The Chief responded audibly. "You didn't forget to go first into that doorway to hell," he said drily. "You fool Irishman, go back down and try the thing; give the 'little doodad' a chance!"


Once more the red ship fell swiftly under Danny's hand. As before, the valley yawned like the living threat of a volcano in eruption. But this time, instead of the whining nitro-producers, there came from beneath the ship a discordant shriek like nothing that the quiet mountains had ever heard. And Danny's fingers played over a strange keyboard whose three keys were rheostats, and the crashing discord below rose to a horror of sound that tore and battered at the ship's thick walls to set the nerves of the crouching man a-jangle. But his eyes, watching through a lookout below, saw strange disturbances of the flames; he saw the masses of flame shiver as if stricken—fall apart—vanish!

And he held the sound controls at that same horrendous shriek while his ship swept on and the thunder of her passing was lost in the pandemonium that went before. But the valley, when the red ship had passed, was a place of charred skeleton trees—of gray, swirling ashes, and of embers, here and there, that blew back to life only to be smothered by the gases of the ships that followed in his wake.
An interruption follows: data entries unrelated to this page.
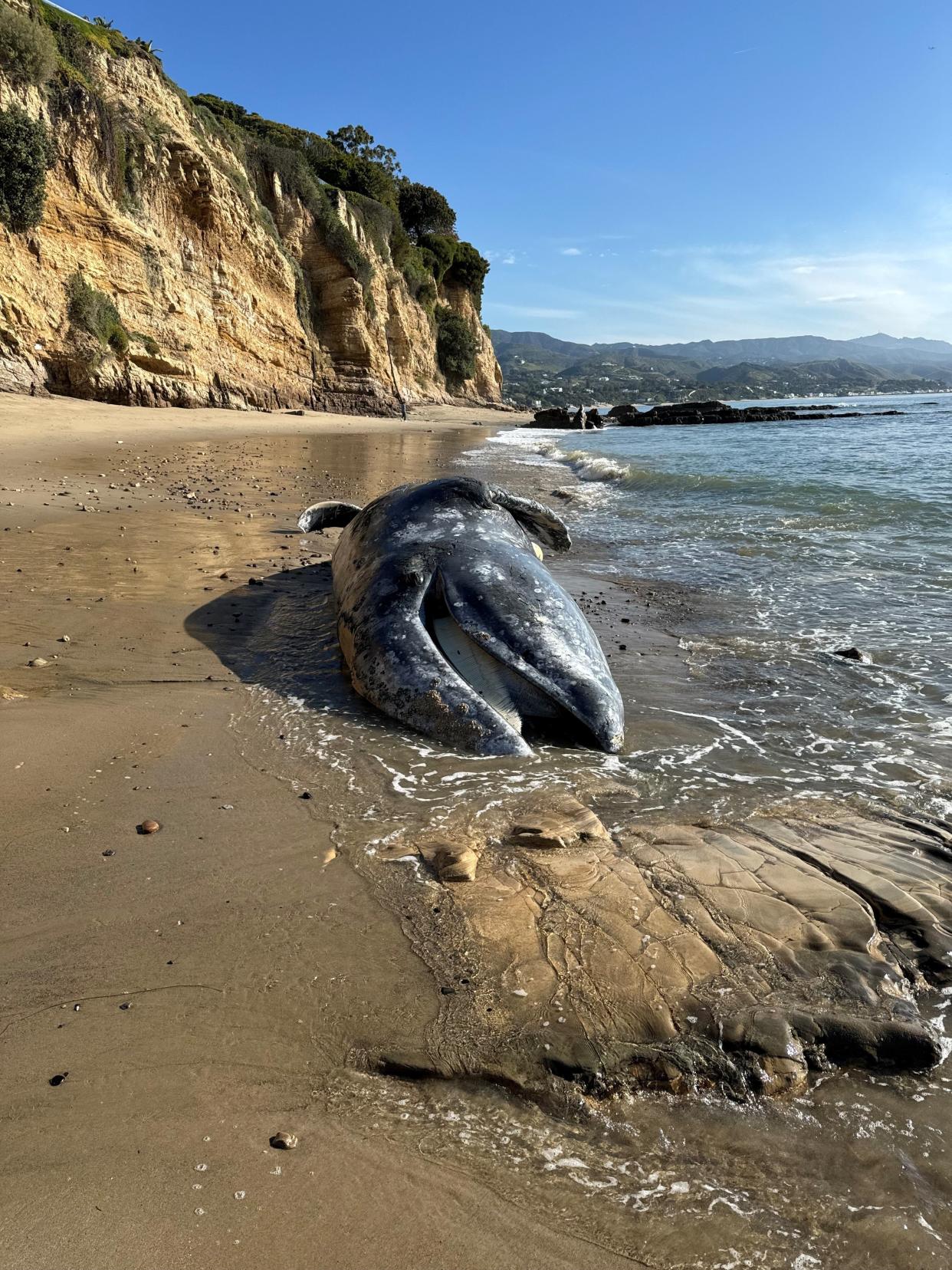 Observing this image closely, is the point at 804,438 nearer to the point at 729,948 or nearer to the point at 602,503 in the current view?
the point at 602,503

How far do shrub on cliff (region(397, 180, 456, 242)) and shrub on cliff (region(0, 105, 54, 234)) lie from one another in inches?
1440

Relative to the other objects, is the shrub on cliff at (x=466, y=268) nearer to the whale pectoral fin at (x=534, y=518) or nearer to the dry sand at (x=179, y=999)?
the whale pectoral fin at (x=534, y=518)

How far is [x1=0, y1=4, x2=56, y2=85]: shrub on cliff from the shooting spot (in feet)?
64.2

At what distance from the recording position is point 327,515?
8.29 meters

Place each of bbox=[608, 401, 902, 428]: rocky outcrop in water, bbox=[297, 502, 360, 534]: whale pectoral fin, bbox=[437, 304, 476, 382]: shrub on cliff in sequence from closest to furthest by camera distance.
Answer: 1. bbox=[297, 502, 360, 534]: whale pectoral fin
2. bbox=[437, 304, 476, 382]: shrub on cliff
3. bbox=[608, 401, 902, 428]: rocky outcrop in water

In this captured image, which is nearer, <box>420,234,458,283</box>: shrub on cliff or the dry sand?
the dry sand

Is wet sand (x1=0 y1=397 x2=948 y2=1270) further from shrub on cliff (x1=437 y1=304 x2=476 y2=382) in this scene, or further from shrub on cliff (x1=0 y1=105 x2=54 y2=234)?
shrub on cliff (x1=437 y1=304 x2=476 y2=382)

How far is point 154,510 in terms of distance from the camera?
9.59 m

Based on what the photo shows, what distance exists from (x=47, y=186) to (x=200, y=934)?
83.4 feet

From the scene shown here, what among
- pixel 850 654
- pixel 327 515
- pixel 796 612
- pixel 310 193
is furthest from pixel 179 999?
pixel 310 193

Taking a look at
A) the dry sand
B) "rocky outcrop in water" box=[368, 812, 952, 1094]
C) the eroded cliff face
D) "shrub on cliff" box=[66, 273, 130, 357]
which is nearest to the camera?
the dry sand

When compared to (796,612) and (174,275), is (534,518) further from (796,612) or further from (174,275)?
(174,275)

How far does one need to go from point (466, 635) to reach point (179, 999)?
2719mm

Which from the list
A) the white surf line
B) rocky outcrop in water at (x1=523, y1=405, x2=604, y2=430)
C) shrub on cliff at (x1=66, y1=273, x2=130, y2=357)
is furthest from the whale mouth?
rocky outcrop in water at (x1=523, y1=405, x2=604, y2=430)
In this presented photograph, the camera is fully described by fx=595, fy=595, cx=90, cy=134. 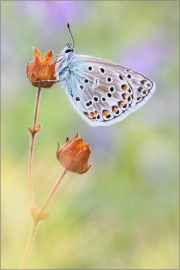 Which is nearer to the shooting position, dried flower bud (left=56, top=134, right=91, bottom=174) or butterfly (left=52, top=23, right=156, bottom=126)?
dried flower bud (left=56, top=134, right=91, bottom=174)

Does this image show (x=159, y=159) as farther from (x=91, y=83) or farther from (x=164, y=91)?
(x=91, y=83)

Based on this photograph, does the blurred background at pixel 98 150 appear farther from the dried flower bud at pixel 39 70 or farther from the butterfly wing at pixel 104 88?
the dried flower bud at pixel 39 70

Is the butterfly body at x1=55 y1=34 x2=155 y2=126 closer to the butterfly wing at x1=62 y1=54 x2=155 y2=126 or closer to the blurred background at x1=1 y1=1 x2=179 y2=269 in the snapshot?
the butterfly wing at x1=62 y1=54 x2=155 y2=126

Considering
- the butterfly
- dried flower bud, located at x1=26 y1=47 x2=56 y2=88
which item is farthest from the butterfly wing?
dried flower bud, located at x1=26 y1=47 x2=56 y2=88

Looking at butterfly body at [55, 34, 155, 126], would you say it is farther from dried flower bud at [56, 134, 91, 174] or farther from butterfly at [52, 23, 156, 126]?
dried flower bud at [56, 134, 91, 174]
And the voice that spoke from the instrument beside him still spoke drily. "There's fifty miles more of that ahead," said the voice. "Just keep moving along; we'll mop up behind you.... Oh, and by the way, O'Rourke, give my congratulations to the Infant on the success of his invention. His sound-dampener is some little doodad; we'll be needing more of them, I should say."


It was an hour or more later at the Headquarters of the Mountain Division that the Chief amplified that remark in a way he himself could not have foreseen. He had been talking to Danny, and now on the wall of an adjoining room, where men sat at strange instruments, a red light flashed.